The listing must be copied out in full and exactly; no images go with it.

Records for processing

■ ■ ■

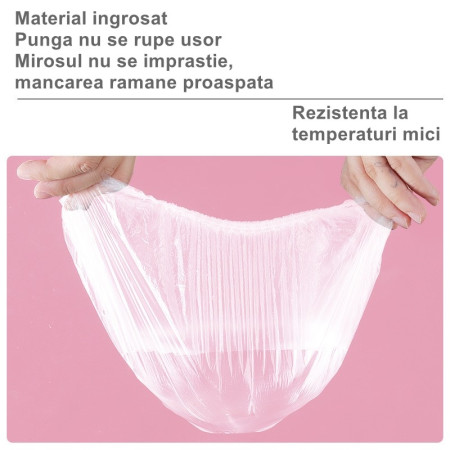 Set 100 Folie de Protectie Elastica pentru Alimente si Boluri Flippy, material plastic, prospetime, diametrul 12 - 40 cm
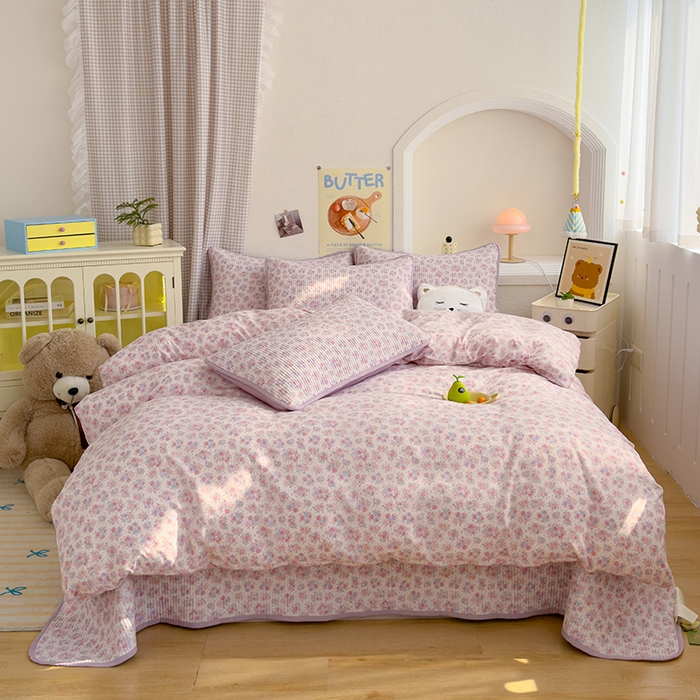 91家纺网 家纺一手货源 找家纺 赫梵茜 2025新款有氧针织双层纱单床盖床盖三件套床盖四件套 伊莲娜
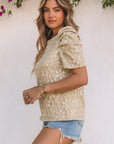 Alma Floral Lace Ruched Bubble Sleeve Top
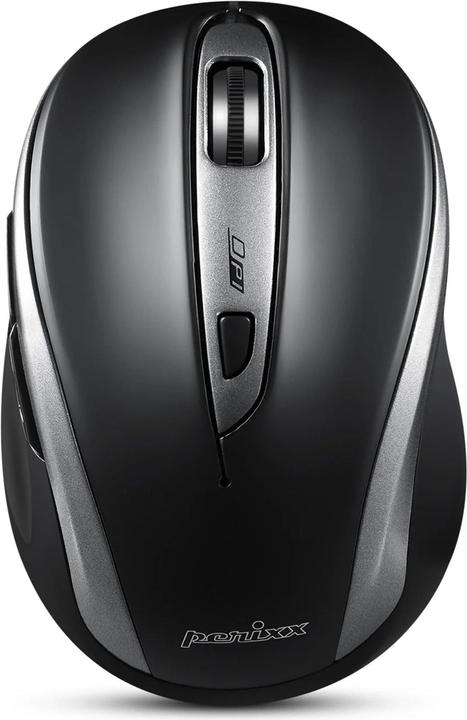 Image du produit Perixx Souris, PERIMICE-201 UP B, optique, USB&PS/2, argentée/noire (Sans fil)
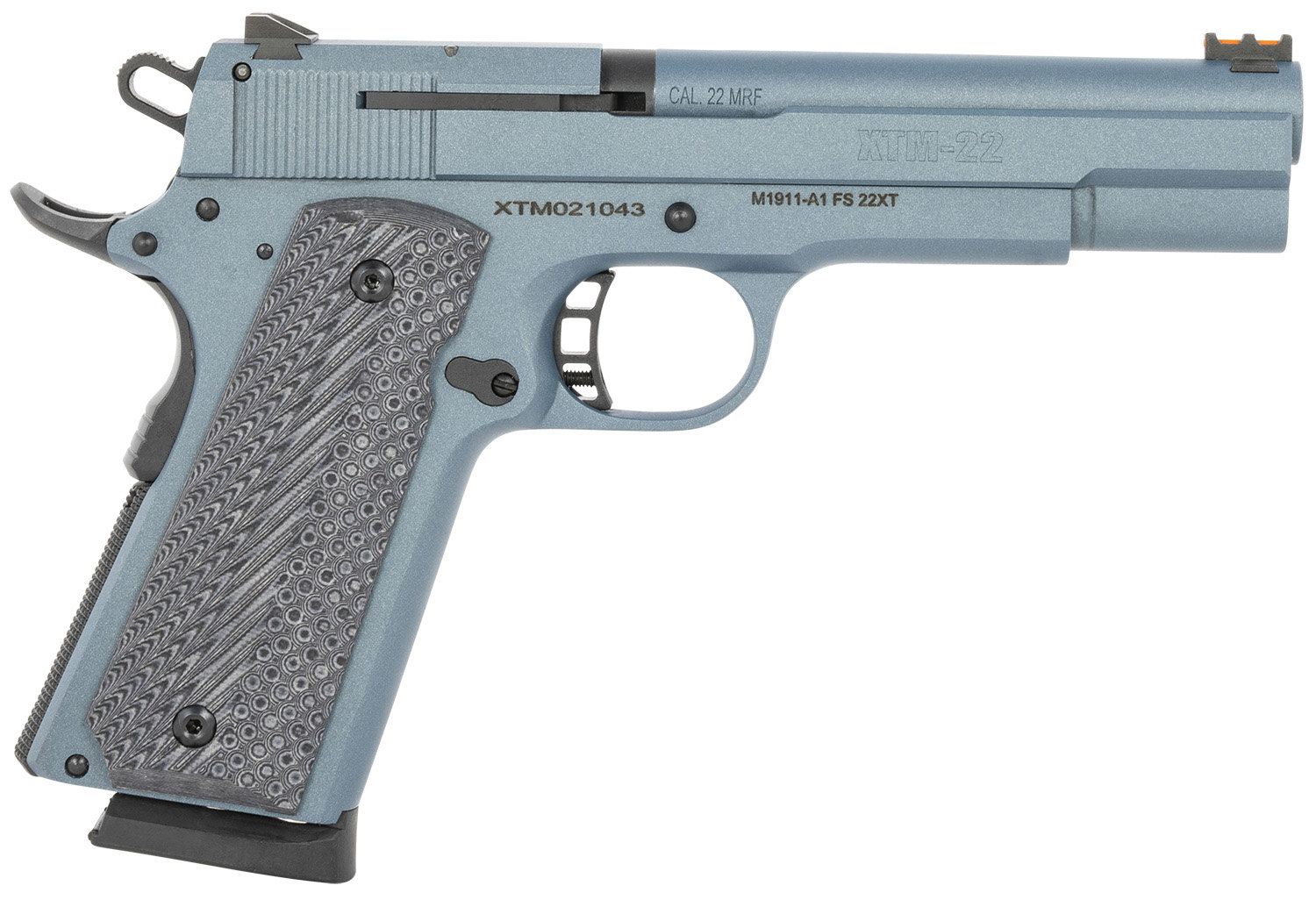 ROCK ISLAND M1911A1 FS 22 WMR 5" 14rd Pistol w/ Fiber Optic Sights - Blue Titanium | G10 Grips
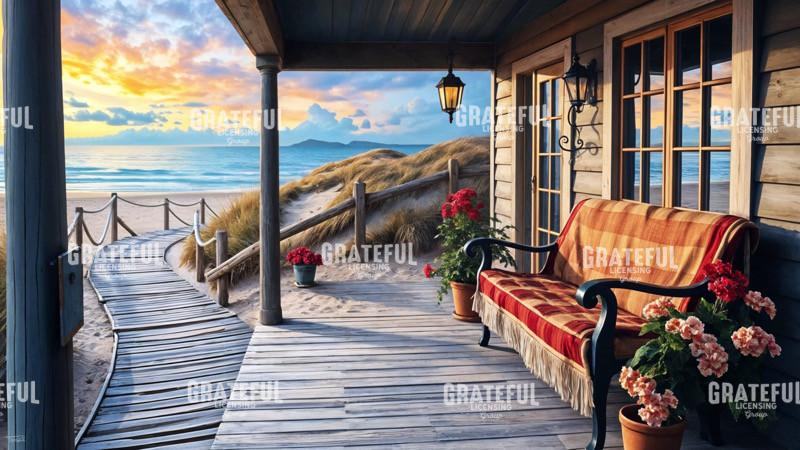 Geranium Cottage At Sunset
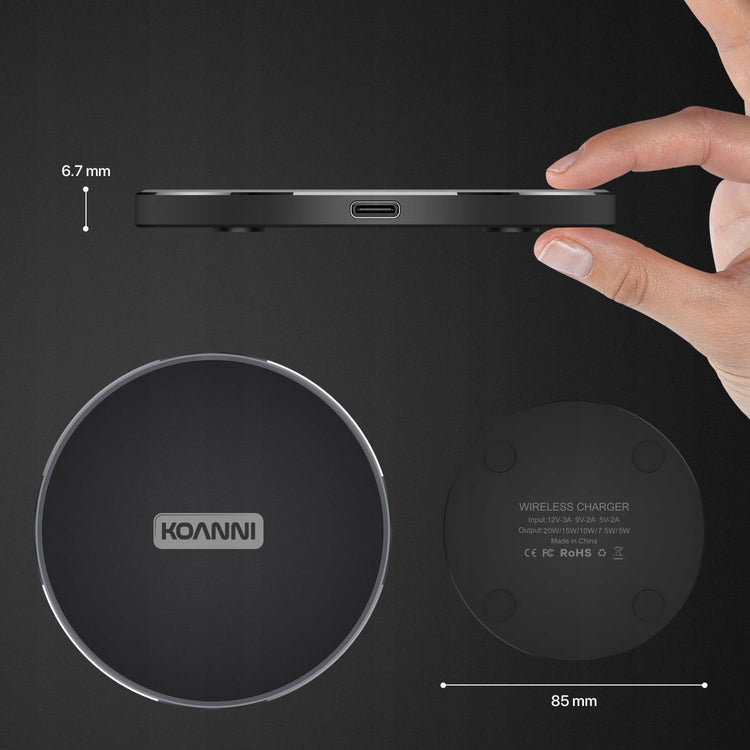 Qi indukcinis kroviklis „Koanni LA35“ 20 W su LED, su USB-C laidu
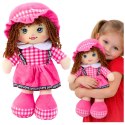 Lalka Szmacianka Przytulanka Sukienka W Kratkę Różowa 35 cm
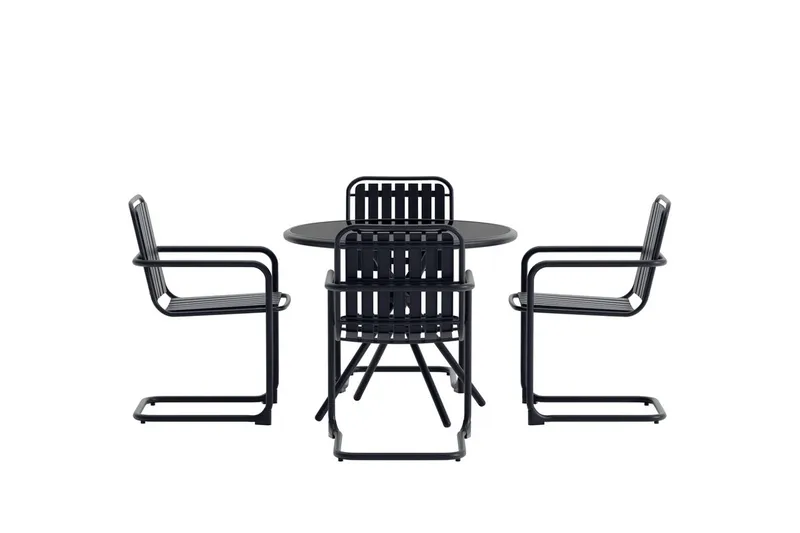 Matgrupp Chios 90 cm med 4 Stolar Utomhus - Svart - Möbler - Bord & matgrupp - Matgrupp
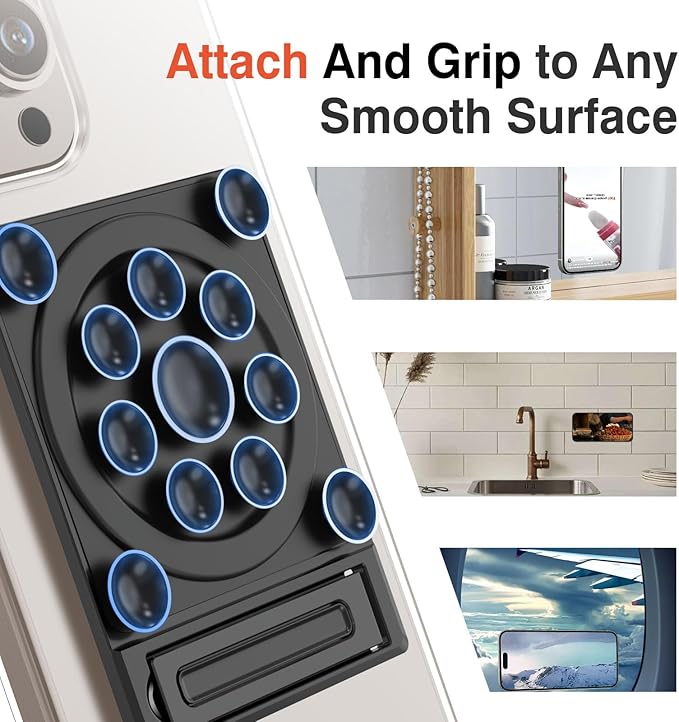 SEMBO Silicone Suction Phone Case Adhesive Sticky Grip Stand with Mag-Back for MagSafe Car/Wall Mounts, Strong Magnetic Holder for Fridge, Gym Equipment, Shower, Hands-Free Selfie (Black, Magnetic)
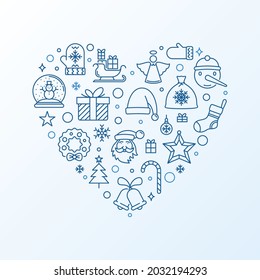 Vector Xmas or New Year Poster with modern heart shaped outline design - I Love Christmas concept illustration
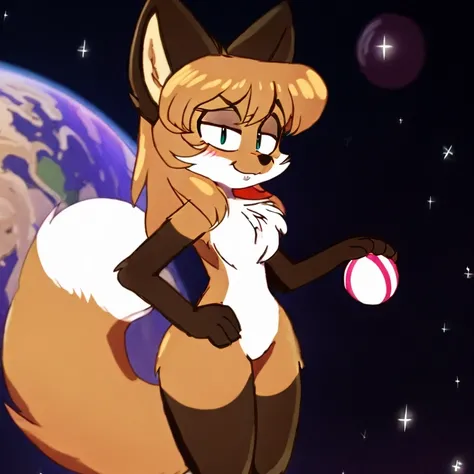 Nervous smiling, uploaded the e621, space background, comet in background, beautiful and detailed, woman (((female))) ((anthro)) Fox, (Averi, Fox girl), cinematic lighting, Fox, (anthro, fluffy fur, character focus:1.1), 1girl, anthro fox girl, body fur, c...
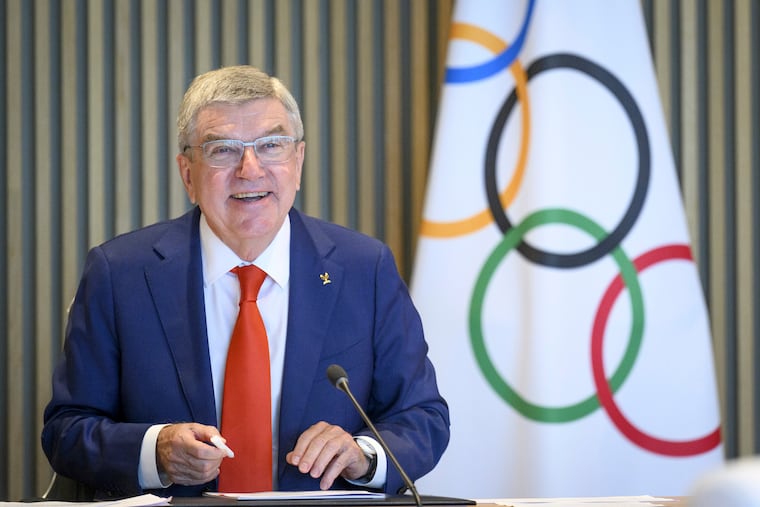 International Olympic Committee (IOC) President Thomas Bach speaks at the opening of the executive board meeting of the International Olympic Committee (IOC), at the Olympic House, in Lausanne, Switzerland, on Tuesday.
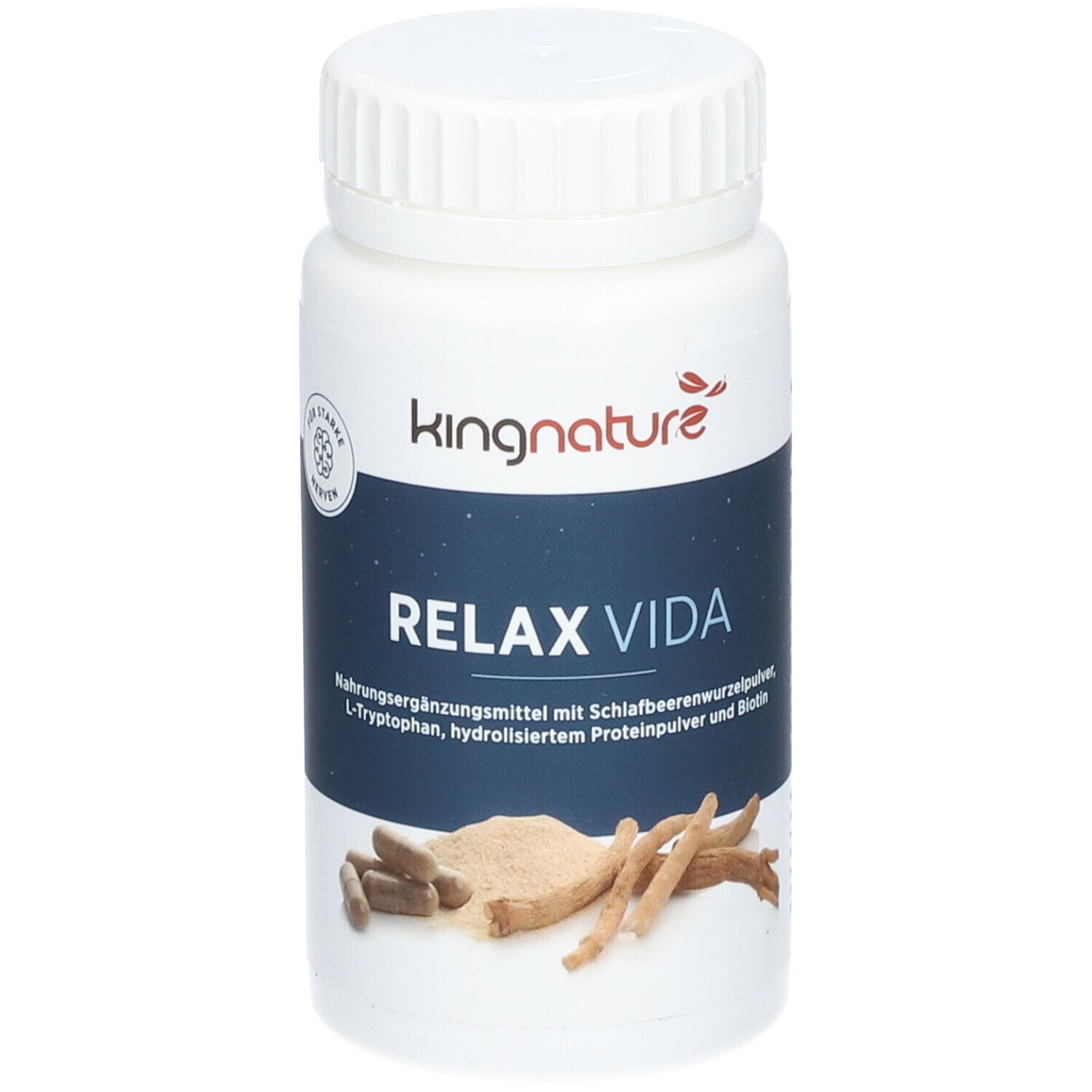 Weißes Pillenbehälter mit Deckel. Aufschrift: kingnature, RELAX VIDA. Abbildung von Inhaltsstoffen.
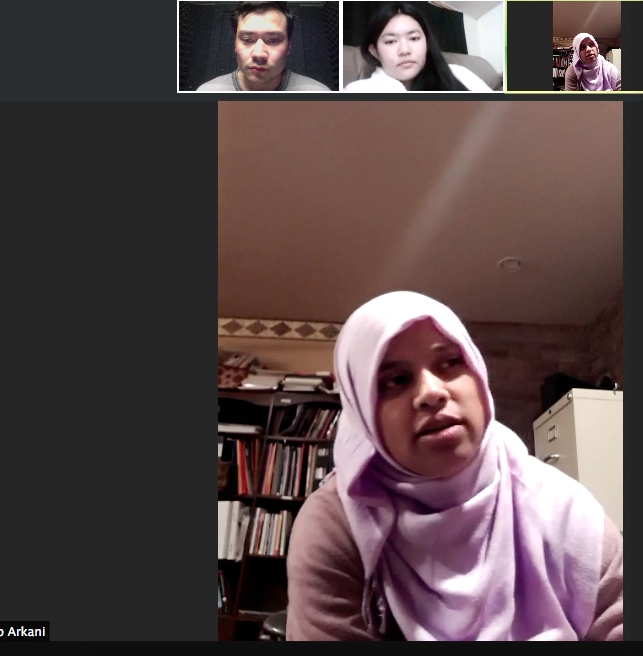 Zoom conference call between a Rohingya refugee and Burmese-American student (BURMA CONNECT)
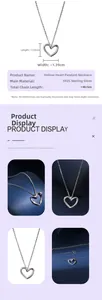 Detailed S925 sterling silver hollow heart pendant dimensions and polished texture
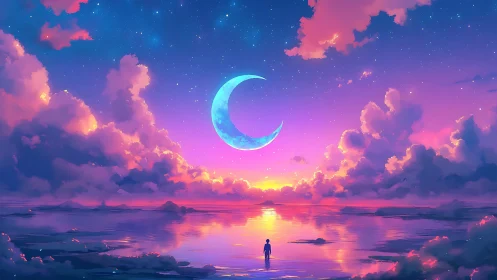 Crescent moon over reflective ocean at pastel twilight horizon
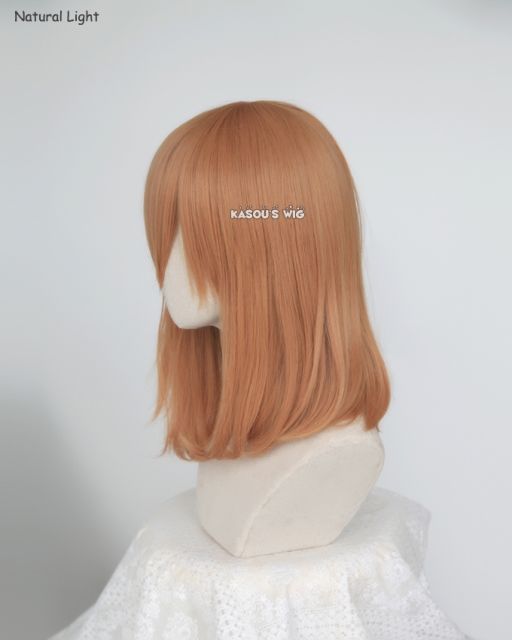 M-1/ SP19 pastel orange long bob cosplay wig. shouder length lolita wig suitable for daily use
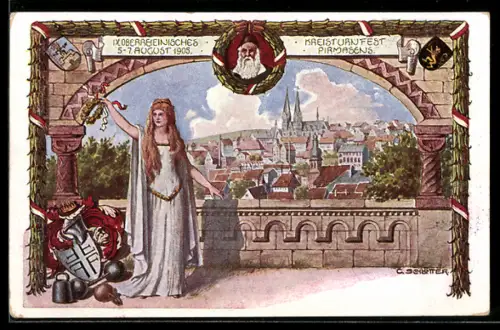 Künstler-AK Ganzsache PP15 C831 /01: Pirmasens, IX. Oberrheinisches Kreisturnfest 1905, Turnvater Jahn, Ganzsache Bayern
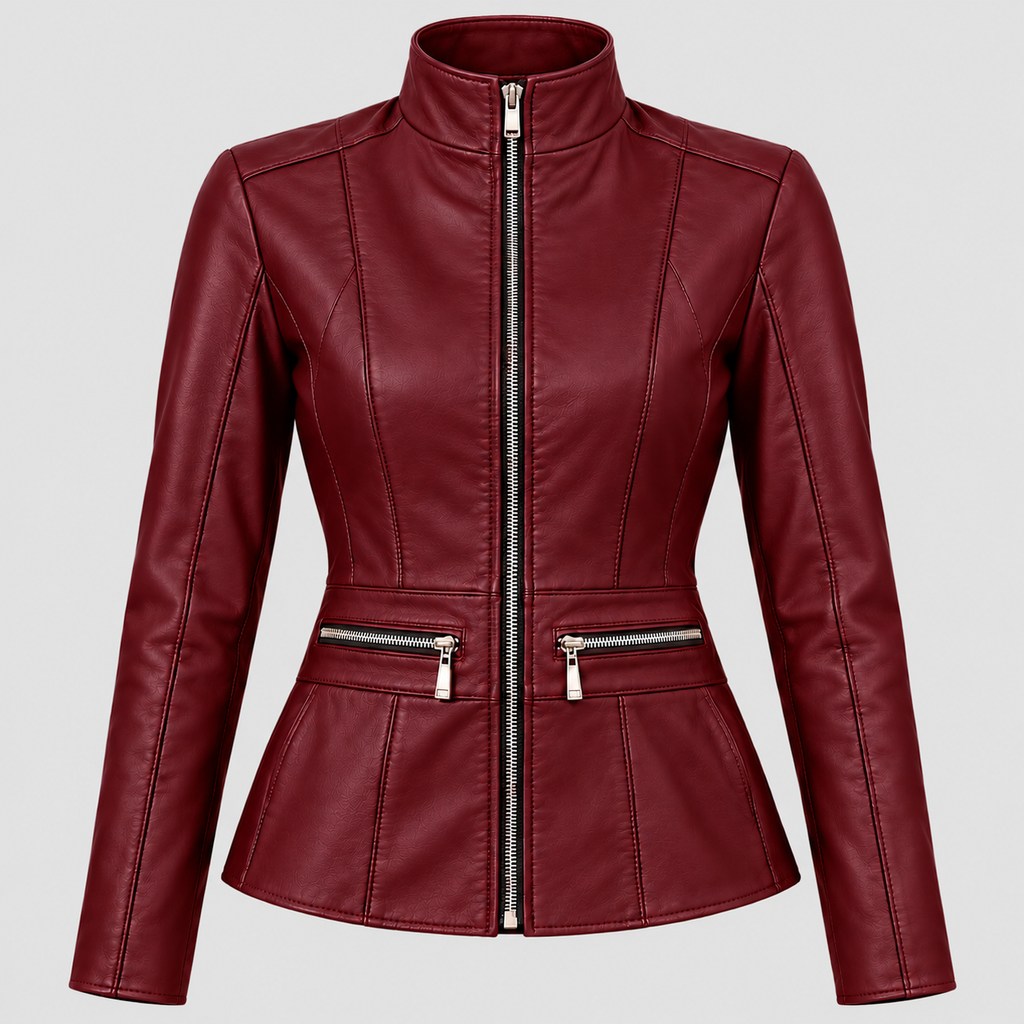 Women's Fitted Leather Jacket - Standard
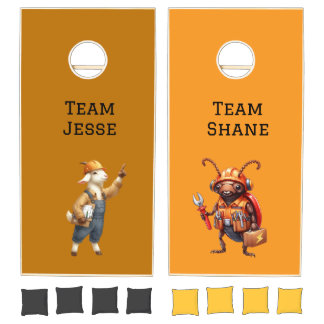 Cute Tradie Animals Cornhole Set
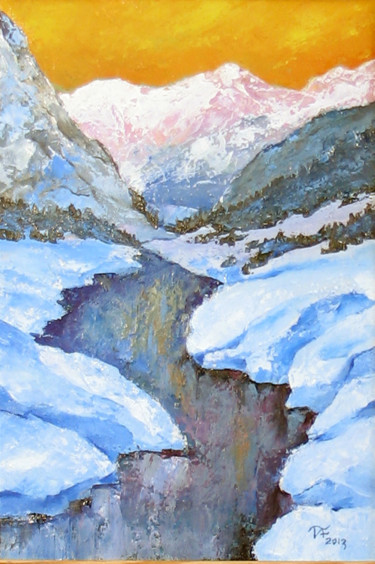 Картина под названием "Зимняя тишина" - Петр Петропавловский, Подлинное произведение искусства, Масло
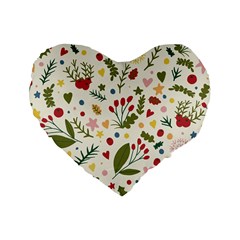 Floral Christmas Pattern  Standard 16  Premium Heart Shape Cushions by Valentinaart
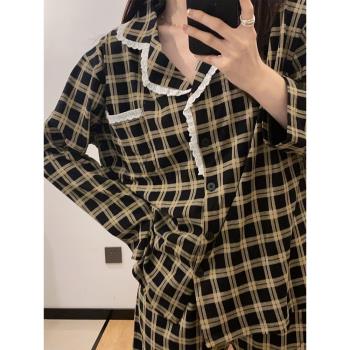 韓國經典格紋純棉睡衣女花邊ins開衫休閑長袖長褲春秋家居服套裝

■ ■ ■

Solution to this problem
 Set 100 Folie de Protectie Elastica pentru Alimente si Boluri Flippy, material plastic, prospetime, diametrul 12 - 40 cm
 91家纺网 家纺一手货源 找家纺 赫梵茜 2025新款有氧针织双层纱单床盖床盖三件套床盖四件套 伊莲娜
 Alma Floral Lace Ruched Bubble Sleeve Top
 Image du produit Perixx Souris, PERIMICE-201 UP B, optique, USB&PS/2, argentée/noire (Sans fil)
 ROCK ISLAND M1911A1 FS 22 WMR 5" 14rd Pistol w/ Fiber Optic Sights - Blue Titanium | G10 Grips
 Geranium Cottage At Sunset
 Qi indukcinis kroviklis „Koanni LA35“ 20 W su LED, su USB-C laidu
 Lalka Szmacianka Przytulanka Sukienka W Kratkę Różowa 35 cm
 Matgrupp Chios 90 cm med 4 Stolar Utomhus - Svart - Möbler - Bord & matgrupp - Matgrupp
 SEMBO Silicone Suction Phone Case Adhesive Sticky Grip Stand with Mag-Back for MagSafe Car/Wall Mounts, Strong Magnetic Holder for Fridge, Gym Equipment, Shower, Hands-Free Selfie (Black, Magnetic)
 Vector Xmas or New Year Poster with modern heart shaped outline design - I Love Christmas concept illustration
 Nervous smiling, uploaded the e621, space background, comet in background, beautiful and detailed, woman (((female))) ((anthro)) Fox, (Averi, Fox girl), cinematic lighting, Fox, (anthro, fluffy fur, character focus:1.1), 1girl, anthro fox girl, body fur, c...
 International Olympic Committee (IOC) President Thomas Bach speaks at the opening of the executive board meeting of the International Olympic Committee (IOC), at the Olympic House, in Lausanne, Switzerland, on Tuesday.
 Weißes Pillenbehälter mit Deckel. Aufschrift: kingnature, RELAX VIDA. Abbildung von Inhaltsstoffen.
 Zoom conference call between a Rohingya refugee and Burmese-American student (BURMA CONNECT)
 Detailed S925 sterling silver hollow heart pendant dimensions and polished texture
 Crescent moon over reflective ocean at pastel twilight horizon
 M-1/ SP19 pastel orange long bob cosplay wig. shouder length lolita wig suitable for daily use
 Künstler-AK Ganzsache PP15 C831 /01: Pirmasens, IX. Oberrheinisches Kreisturnfest 1905, Turnvater Jahn, Ganzsache Bayern
 Women's Fitted Leather Jacket - Standard
 Cute Tradie Animals Cornhole Set
 Картина под названием "Зимняя тишина" - Петр Петропавловский, Подлинное произведение искусства, Масло
 Floral Christmas Pattern  Standard 16  Premium Heart Shape Cushions by Valentinaart
 韓國經典格紋純棉睡衣女花邊ins開衫休閑長袖長褲春秋家居服套裝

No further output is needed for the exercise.